Here, none of Goller's $74,550 was received directly or indirectly by National Life. Even if some other benefit was received by the corporation, such as a reduction in the required compensating bank balance or a decrease in its potential suretyship liability, that is not the type of benefit which makes a transaction other than a nonissuer transaction under the statute. As one commentator has observed, "the thrust of the 'benefit' provision appears to imply an intent by the drafters that a finding of benefit to the issuer should be limited to situations where some type of monetary consideration flows to the issuer." California Corporate Securities Law of 1968: The Issue of the Nonissuer, 2 Loy.L.A.L.Rev. 87, 90 (1969).
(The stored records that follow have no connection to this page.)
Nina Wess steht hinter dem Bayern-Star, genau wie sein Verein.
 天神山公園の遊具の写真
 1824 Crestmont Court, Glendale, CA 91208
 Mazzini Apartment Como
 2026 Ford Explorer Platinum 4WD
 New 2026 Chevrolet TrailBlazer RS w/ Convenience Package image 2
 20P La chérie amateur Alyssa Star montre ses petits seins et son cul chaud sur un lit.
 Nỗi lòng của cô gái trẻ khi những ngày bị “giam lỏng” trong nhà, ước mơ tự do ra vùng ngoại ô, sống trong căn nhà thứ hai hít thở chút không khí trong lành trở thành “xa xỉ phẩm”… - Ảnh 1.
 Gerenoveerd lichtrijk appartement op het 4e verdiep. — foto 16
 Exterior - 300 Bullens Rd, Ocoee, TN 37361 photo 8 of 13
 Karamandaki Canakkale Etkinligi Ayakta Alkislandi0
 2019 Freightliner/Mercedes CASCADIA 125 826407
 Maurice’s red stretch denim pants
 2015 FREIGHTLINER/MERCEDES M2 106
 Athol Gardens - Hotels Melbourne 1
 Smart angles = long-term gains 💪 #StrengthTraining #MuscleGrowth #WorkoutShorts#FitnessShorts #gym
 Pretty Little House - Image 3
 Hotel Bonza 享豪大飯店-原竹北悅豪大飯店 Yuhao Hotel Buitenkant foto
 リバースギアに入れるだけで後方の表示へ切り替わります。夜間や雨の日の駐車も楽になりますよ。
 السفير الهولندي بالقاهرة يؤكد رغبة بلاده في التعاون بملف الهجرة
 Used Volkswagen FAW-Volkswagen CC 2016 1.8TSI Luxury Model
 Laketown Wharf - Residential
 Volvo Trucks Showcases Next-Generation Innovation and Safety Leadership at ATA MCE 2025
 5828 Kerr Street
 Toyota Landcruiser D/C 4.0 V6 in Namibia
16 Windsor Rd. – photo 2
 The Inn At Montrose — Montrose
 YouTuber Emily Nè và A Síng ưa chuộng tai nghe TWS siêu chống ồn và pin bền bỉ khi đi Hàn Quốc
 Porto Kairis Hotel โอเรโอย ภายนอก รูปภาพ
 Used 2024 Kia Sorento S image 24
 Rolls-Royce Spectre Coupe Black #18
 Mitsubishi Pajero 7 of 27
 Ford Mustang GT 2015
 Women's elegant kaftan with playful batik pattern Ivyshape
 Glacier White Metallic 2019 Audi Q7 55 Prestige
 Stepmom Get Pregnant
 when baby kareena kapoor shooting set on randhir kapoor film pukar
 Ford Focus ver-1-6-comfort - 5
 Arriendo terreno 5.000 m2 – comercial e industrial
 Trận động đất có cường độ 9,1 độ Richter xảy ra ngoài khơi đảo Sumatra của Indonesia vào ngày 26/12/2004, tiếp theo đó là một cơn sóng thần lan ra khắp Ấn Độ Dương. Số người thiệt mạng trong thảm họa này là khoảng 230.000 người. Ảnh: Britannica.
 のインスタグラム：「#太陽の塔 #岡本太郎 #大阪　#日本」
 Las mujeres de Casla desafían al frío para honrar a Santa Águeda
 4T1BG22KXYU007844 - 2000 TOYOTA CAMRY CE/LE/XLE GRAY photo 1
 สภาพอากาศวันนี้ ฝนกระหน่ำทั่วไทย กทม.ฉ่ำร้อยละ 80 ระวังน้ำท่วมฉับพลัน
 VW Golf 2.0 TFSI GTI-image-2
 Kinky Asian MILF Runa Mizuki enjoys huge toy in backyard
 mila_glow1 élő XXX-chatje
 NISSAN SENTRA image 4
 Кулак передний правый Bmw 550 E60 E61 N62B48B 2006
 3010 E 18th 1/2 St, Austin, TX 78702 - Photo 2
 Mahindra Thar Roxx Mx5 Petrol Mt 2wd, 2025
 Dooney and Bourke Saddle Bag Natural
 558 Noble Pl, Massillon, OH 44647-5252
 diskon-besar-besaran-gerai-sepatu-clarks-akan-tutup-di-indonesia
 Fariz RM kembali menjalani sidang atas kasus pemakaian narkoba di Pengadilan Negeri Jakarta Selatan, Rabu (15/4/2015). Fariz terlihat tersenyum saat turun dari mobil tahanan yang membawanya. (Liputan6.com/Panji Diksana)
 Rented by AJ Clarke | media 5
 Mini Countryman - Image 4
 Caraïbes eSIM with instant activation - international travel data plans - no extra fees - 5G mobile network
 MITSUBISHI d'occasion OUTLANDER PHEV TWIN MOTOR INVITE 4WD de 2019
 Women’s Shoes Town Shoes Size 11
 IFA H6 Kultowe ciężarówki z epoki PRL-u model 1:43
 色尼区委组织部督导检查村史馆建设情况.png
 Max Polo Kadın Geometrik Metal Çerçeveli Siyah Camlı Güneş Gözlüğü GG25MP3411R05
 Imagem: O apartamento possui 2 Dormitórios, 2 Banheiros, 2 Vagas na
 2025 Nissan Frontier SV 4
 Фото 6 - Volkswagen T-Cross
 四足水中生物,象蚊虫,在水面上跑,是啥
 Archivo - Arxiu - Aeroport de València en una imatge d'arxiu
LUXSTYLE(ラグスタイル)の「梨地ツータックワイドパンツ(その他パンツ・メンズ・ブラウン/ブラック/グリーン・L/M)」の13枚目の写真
The district court here held that the repurchase agreement of National Life was unenforceable under the Florida Statute of Frauds. Fla.Stat.Ann. § 725.01 (West 1969). Even if it were enforceable, however, the plaintiff could still not prevail in face of the apparently clear provisions of the California law defining indirect benefit.


The district court also held that, in any event, the opinion letter from the plaintiff as an attorney placed him in pari delicto so as to bar recovery. It is unnecessary for us to reach this point in order to conclude that plaintiff is not entitled to rescission under California law.